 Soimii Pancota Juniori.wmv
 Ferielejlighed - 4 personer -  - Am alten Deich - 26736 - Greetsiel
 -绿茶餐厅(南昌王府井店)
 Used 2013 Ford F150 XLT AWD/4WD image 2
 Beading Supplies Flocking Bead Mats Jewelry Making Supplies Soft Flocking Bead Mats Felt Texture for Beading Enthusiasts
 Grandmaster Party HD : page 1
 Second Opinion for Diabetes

::::::::::

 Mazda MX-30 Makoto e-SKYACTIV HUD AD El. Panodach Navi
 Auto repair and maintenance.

::::::::::

• _THE TASK_
From the records above, give again exactly the lines running from the line with "Soimii Pancota Juniori.wmv" to the line with "Second Opinion for Diabetes", inclusive.

• _ANSWER TO THE EXERCISE_
 Soimii Pancota Juniori.wmv
 Ferielejlighed - 4 personer -  - Am alten Deich - 26736 - Greetsiel
 -绿茶餐厅(南昌王府井店)
 Used 2013 Ford F150 XLT AWD/4WD image 2
 Beading Supplies Flocking Bead Mats Jewelry Making Supplies Soft Flocking Bead Mats Felt Texture for Beading Enthusiasts
 Grandmaster Party HD : page 1
 Second Opinion for Diabetes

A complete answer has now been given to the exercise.